_Assigned task_
Beginning at the line that contains "In this workshop" and finishing at the line that contains "Now I'm going", output the data below exactly. Include both end lines and no pictures.

_Stored data_
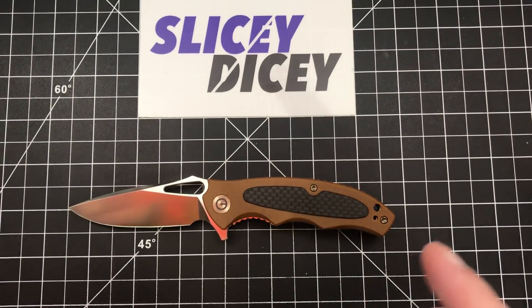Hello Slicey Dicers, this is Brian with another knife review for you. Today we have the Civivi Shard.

==

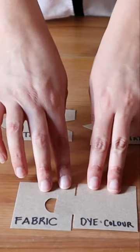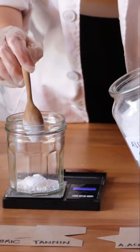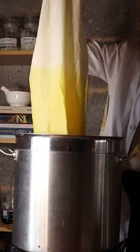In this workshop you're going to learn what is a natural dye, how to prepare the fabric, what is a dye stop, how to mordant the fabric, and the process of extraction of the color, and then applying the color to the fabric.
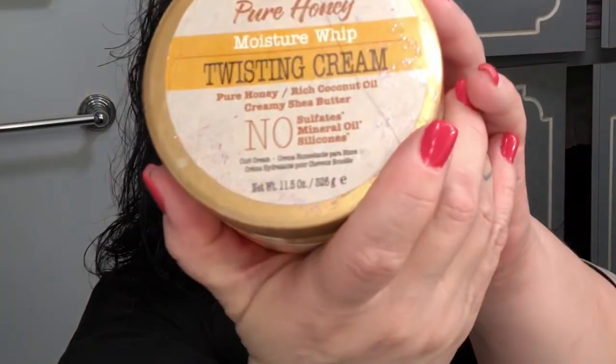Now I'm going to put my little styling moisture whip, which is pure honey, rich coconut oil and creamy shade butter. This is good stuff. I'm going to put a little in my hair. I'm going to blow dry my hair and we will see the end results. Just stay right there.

_Output of the exercise_
In this workshop you're going to learn what is a natural dye, how to prepare the fabric, what is a dye stop, how to mordant the fabric, and the process of extraction of the color, and then applying the color to the fabric.
Now I'm going to put my little styling moisture whip, which is pure honey, rich coconut oil and creamy shade butter. This is good stuff. I'm going to put a little in my hair. I'm going to blow dry my hair and we will see the end results. Just stay right there.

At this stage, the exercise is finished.